== Activity ==
Please, from the entries below, transcribe exactly the lines that begin at the line with "T2/T3 1938 Ungvár, Uzshorod, Uzhorod;" and end at the line with "3200 N OCEAN Drive #402", without the pictures.

== Information given ==
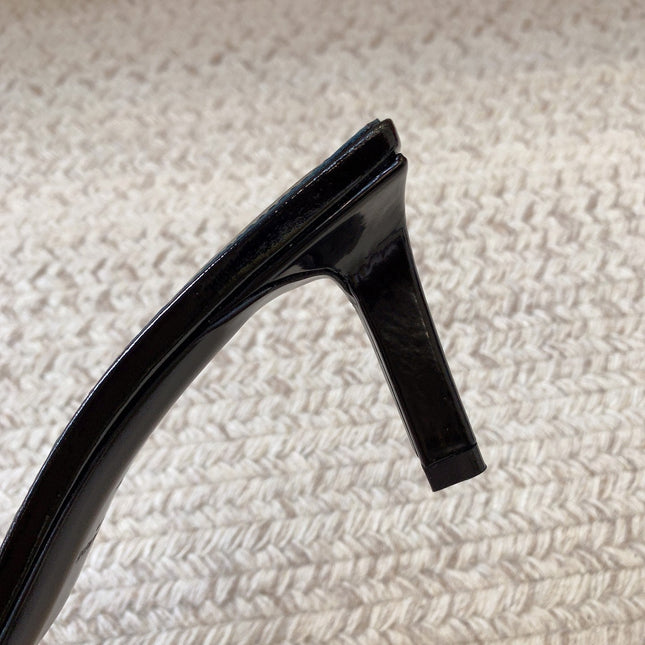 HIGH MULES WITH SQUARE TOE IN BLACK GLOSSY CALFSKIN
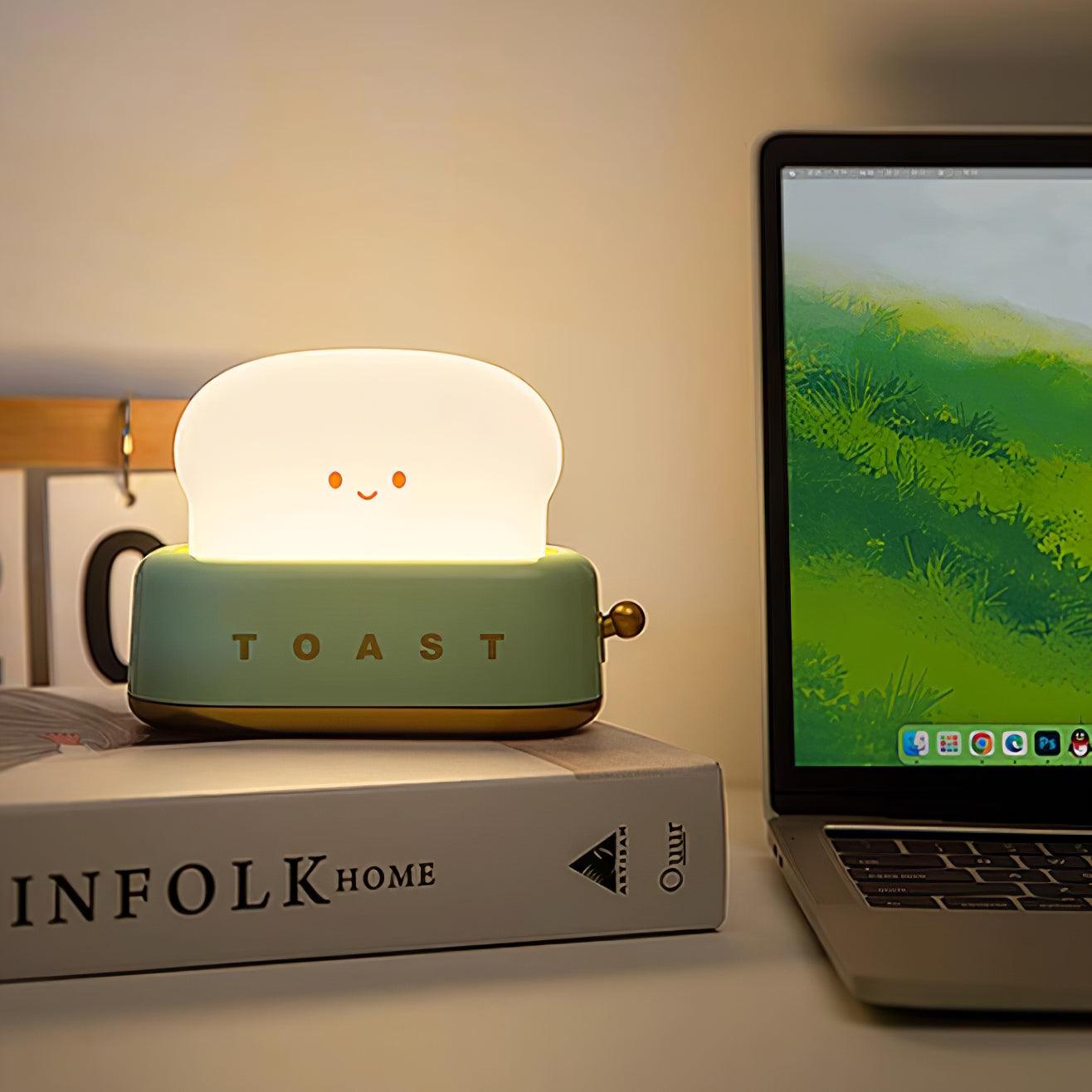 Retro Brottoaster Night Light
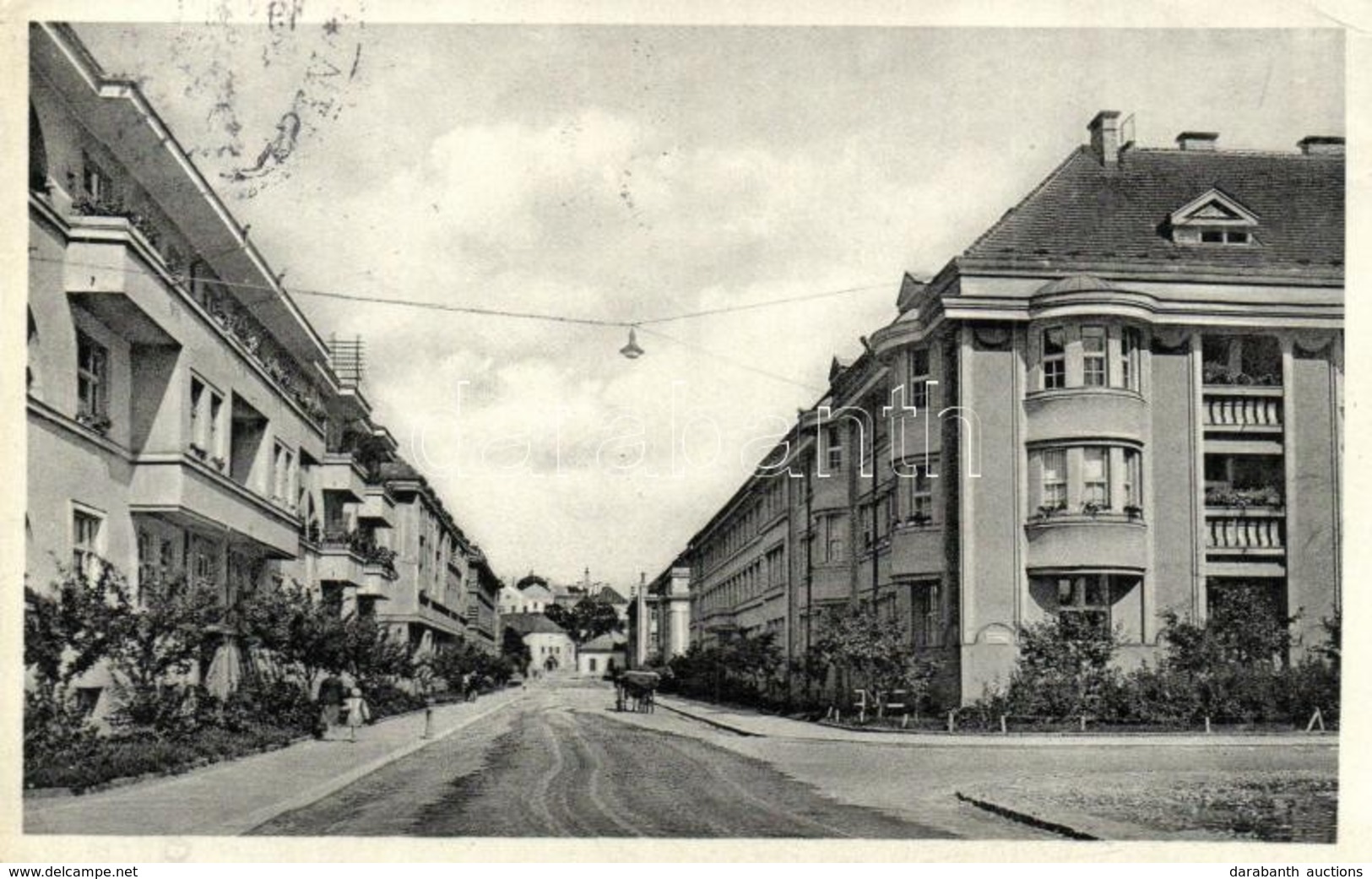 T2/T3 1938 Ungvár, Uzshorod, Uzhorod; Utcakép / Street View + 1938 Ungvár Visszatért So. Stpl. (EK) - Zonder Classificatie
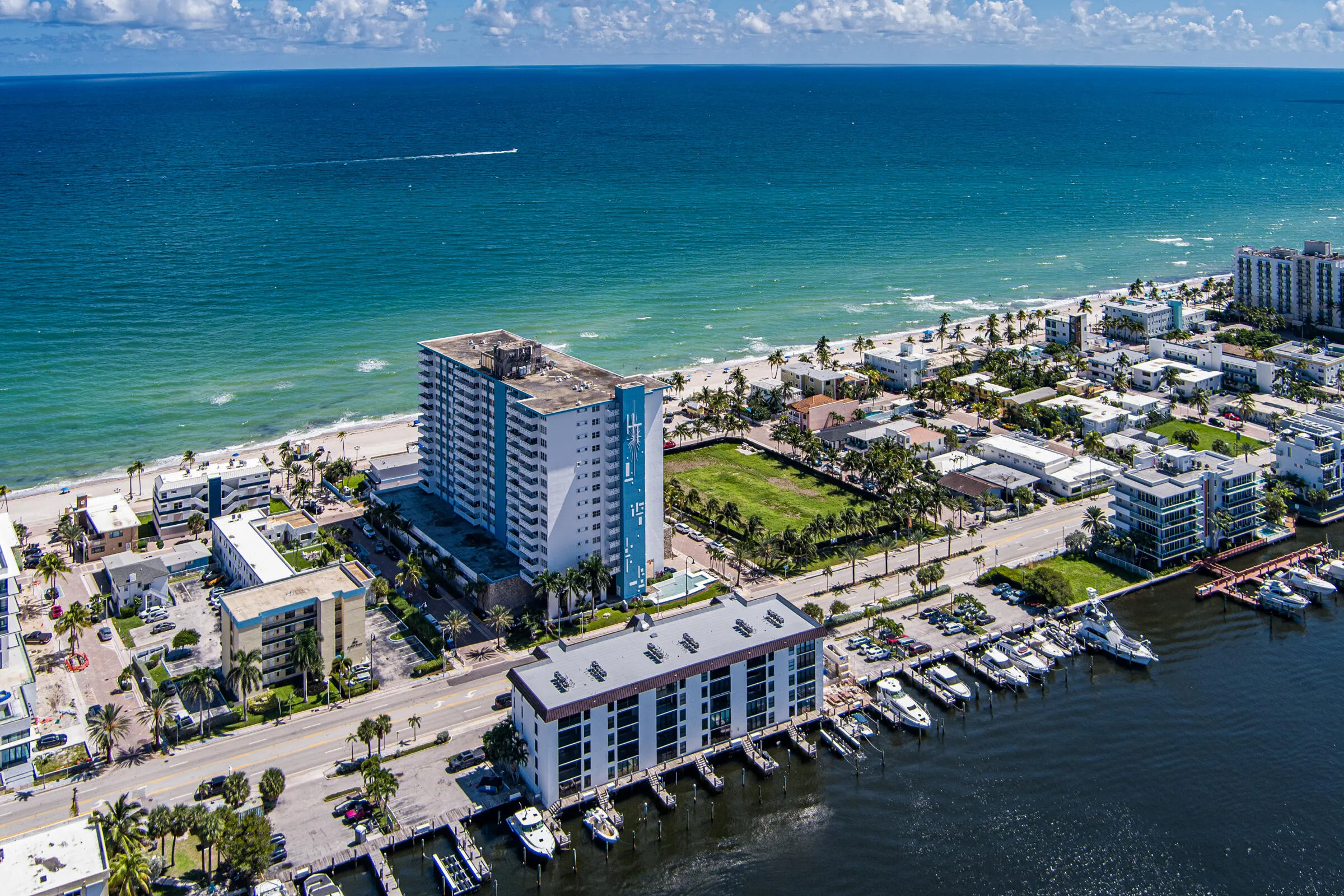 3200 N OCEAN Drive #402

---

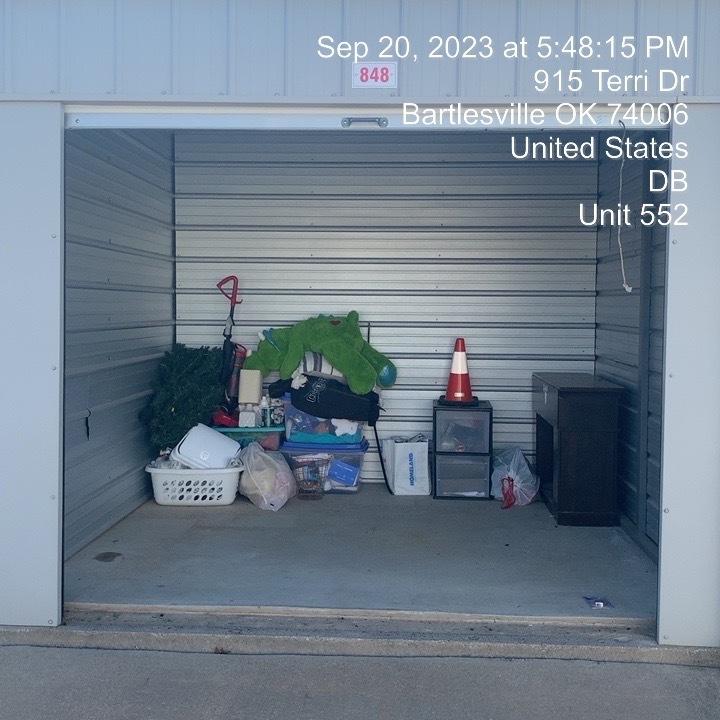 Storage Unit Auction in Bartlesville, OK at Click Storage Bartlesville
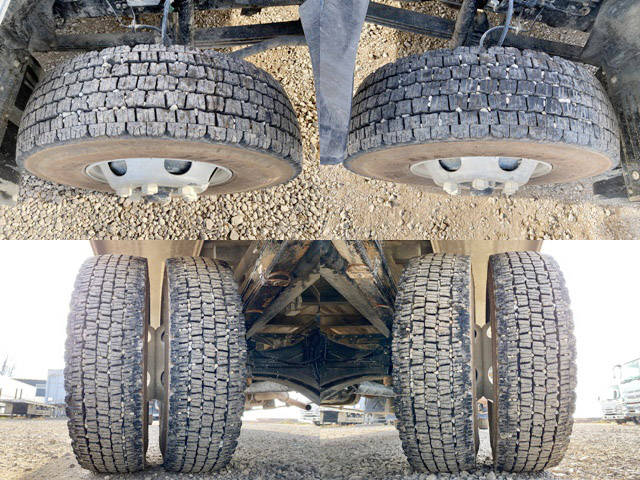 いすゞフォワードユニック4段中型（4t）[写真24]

== Response area ==
 T2/T3 1938 Ungvár, Uzshorod, Uzhorod; Utcakép / Street View + 1938 Ungvár Visszatért So. Stpl. (EK) - Zonder Classificatie
 3200 N OCEAN Drive #402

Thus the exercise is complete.